## RECORDS PROVIDED

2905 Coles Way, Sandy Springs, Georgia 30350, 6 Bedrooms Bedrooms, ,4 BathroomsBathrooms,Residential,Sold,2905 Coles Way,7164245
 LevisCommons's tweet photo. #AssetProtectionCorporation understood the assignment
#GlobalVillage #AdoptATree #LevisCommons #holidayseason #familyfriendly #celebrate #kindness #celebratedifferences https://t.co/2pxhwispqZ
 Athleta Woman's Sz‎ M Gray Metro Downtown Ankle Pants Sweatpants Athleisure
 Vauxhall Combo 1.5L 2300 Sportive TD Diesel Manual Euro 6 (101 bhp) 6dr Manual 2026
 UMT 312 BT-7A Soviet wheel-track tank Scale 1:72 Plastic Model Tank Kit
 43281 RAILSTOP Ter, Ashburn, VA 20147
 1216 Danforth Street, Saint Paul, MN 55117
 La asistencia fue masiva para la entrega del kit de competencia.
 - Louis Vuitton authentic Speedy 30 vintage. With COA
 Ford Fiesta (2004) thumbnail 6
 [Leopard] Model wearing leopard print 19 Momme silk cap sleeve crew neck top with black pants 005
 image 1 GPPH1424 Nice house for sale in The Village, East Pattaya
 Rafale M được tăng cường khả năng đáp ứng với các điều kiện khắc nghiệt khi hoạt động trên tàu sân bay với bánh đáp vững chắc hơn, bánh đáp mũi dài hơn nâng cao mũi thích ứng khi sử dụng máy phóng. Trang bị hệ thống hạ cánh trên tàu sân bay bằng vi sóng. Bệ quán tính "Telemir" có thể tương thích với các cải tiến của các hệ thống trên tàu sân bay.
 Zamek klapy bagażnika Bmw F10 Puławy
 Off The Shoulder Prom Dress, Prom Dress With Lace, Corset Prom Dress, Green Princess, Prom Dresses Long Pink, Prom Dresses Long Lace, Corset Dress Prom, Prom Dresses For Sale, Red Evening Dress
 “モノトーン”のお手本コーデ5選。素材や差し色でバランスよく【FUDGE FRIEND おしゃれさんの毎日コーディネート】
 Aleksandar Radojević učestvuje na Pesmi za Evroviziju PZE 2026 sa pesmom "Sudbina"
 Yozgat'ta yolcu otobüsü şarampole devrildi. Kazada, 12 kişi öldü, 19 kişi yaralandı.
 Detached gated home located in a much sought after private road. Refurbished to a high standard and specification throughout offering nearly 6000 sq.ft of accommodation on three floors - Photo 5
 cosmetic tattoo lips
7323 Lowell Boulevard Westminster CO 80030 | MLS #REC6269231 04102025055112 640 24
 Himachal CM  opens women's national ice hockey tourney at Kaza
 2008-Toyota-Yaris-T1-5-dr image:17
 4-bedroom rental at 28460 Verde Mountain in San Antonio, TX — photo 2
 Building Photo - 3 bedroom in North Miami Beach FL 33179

## PROBLEM
Tally up the lines holding the string "image" in this listing, and report the total alone.

## RESPONSE TO THE EXERCISE
2